Florida Senate Bill 76 (“SB76”), in essence, creates Florida Statute Section 489.147 and amends Florida Statute Section 626.854. The bill’s creators claim to be seeking a way to lower rising property insurance premiums by circumventing behavior of contractors and public adjusters these lawmakers allege pressure homeowners (or at least encourage them) to make unnecessary repairs and related insurance claims. The bill was signed into law on June 11, 2021 and became effective July 1, 2021. SB76 is somewhat tedious, but a recap of the more salient parts of the legislation are provided below:

Florida Statute § 489.147 modifies several provisions that impact Florida’s property insurance litigation. It starts by prohibiting the “solicitation” of residential property owners through “prohibited advertisements” which “encourages, instructs, or induces a consumer to contact a contractor or public adjuster for the purpose of making an insurance claim for roof damage.” These advertising materials include, but are not limited to: door hangers, business cards, magnets, flyers, pamphlets, and e-mails, as well as any “communication,” whether written, electronic, telephonic, or delivered in person (meaning orally).

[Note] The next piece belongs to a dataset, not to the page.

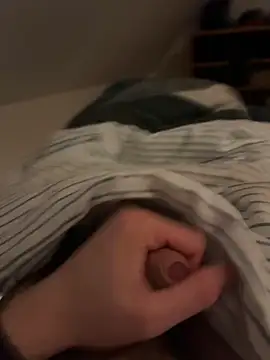 hannes256102 online show from March 2026 09:32:02 PM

To this end, a contractor is barred from directly or indirectly:

  • soliciting a residential property owner by means of the above-described “prohibited advertisements”; or
  • offering a rebate, gift, gift card, cash, coupon, waiver of any insurance deductible, or any other thing of value in exchange for allowing the contractor to conduct an inspection of the residential property owner’s roof or make an insurance claim for damage to the residential property owner’s roof; or
  • offering, delivering, receiving, or accepting any compensation, inducement, or reward, for the referral of any services for which property insurance proceeds are payable; (payment to a contractor for roofing services rendered does not constitute compensation for a referral) or
  • interpreting policy provisions or advising an insured regarding coverages or duties under policy or adjusting a property insurance claim on behalf of the insured unless contractor also holds public adjuster license; or
  • providing an insured with an agreement authorizing repairs without providing a good faith estimate of the itemized and detailed cost of services and materials. (a contractor does not violate this paragraph if, as a result of the process of the insurer adjusting a claim, the actual cost of repairs differs from the initial estimate).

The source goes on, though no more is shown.